The Department of Homeland Security has placed an odious new requirement on international air travel to, from, and over the United States. Where previously passenger lists had to be supplied to DHS within 15 minutes of a US bound flight taking off, now those lists must be made available in advance and every passenger must be given "permission" by DHS to board the flight in question. Think about that for a second. A passport is no longer sufficient to allow you to travel abroad, and DHS have given themselves the ability to deny you reentry to the United States...indefinitely.
Though most people don't know this the right to travel and, more specifically, the right to return to one's country of origin is guaranteed by the UN Universal Declaration of Human Rights, to which the United States is a signatory. So these new rules are, in effect, a violation of treaties and by extension, the United States Constitution that requires that treaties be treated as the 'law of the land'.

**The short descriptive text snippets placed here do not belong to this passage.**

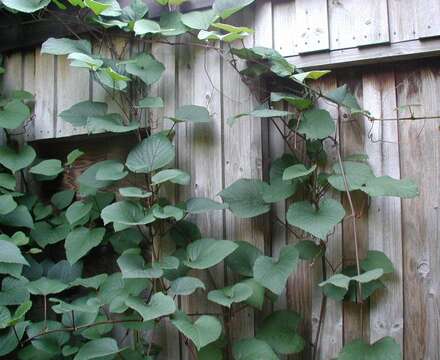 Image of crimson glory vine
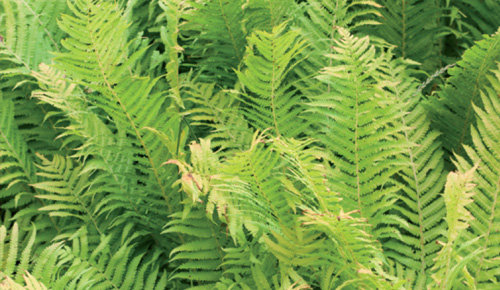 Les plantes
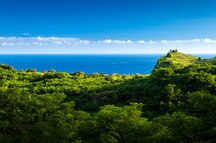 The tropical nature of the island Nusa Penida Bali The tropical nature of the island Nusa Penida Bali
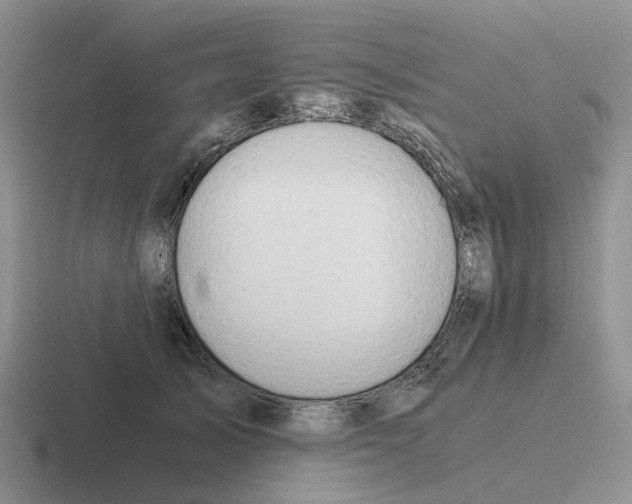 X0000116640705201001041031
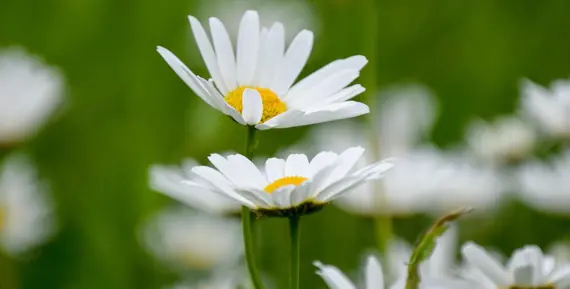 Midsommarblommor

Though...the small matter of treaty violations doesn't seem to bother DHS who've taken this nonsense one step further. They've added new procedural rules that require Customs and Border Protection officers to reject oral declarations of citizenship from people attempting to cross into the US by land. Now...two forms of identification that can establish citizenship will be required, presumably your passport and one other, such as a birth certificate. I don't know about you, but I'm not in the habit of carrying my birth certificate with me when I travel abroad.
So in the end the question is: When the Feds start using these rules to deny reentry to "troublemakers" (and they will), what recourse does the newly "stateless" person have?